Feng Zhang, from the Broad Institute of MIT and Harvard (Cambridge, MA) and Massachusetts Institute of Technology (Cambridge), and coauthors Omar Abudayyeh, Jonathan Gootenberg, and Max Kellner, from the Broad Institute, MIT, and Harvard Medical School (Boston, MA) present the recently developed nucleic acid detection system called SHERLOCK in the article entitled “Nucleic Acid Detection of Plant Genes Using CRISPR-Cas13.” The platform overcomes many of the limitations of current nucleic acid detection systems and provides single-molecule sensitivity and single-nucleotide specificity with high multiplexing capability.
The paper describes how the refined CRISPR-based tool SHERLOCK was applied for the first time in plants. SHERLOCK has the potential to be an important tool in agriculture for the rapid detection of pathogens or pests and in plant breeding. SHERLOCK is easy to use, portable and field-ready, and low cost. It can generate a fluorescent or colorimetric readout when Cas13 recognizes the target nucleic acid sequence.
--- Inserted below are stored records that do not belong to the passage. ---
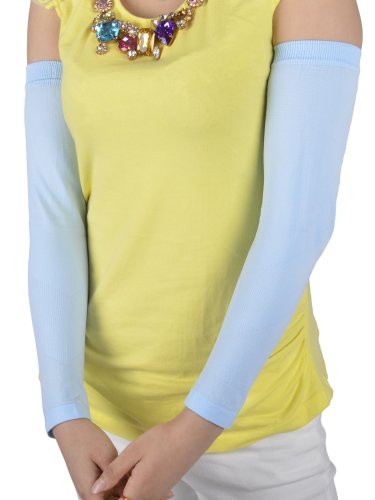 Simplicity Stretchy UV Forearm Sleeves Arm Protector - Black, White, Sky Blue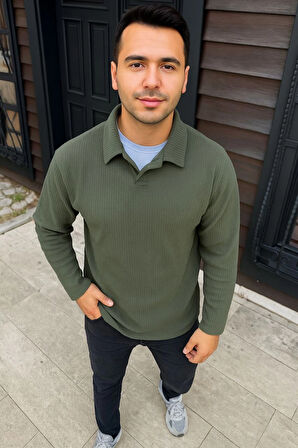 Erkek Fitilli Polar Sweatshirt – Düğmesiz Polo Yaka, Oversize Rahat Kalıp, Kalın Polar Kumaş, Kışlık Ve Baharlık Şık Günlük Üst - Haki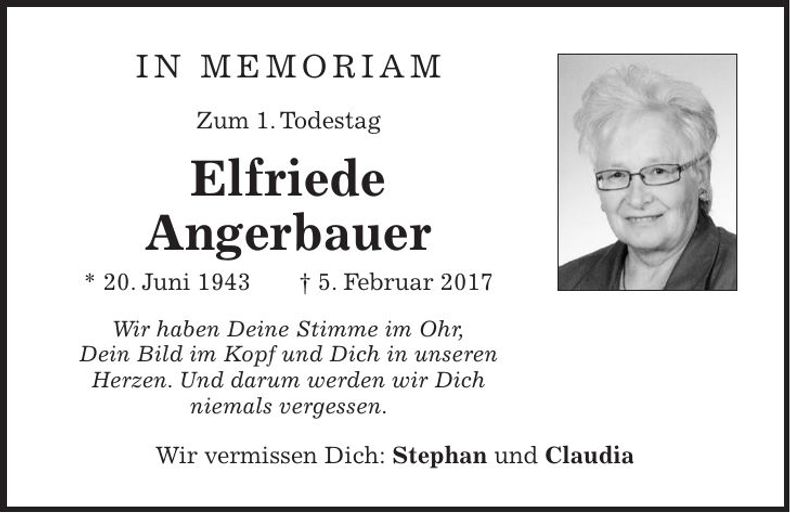 Traueranzeige Elfriede Angerbauer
Rodolphe Barrangou, PhD, Editor-in-Chief of The CRISPR Journal states: “This is a great example of the expansion of CRISPR-based technologies beyond genome editing per se, with the use of novel Cas molecular machines for the flexible detection of DNA sequences of interest. The applications extend beyond diagnostics and the authors show here how this can be broadly applied in agriculture.”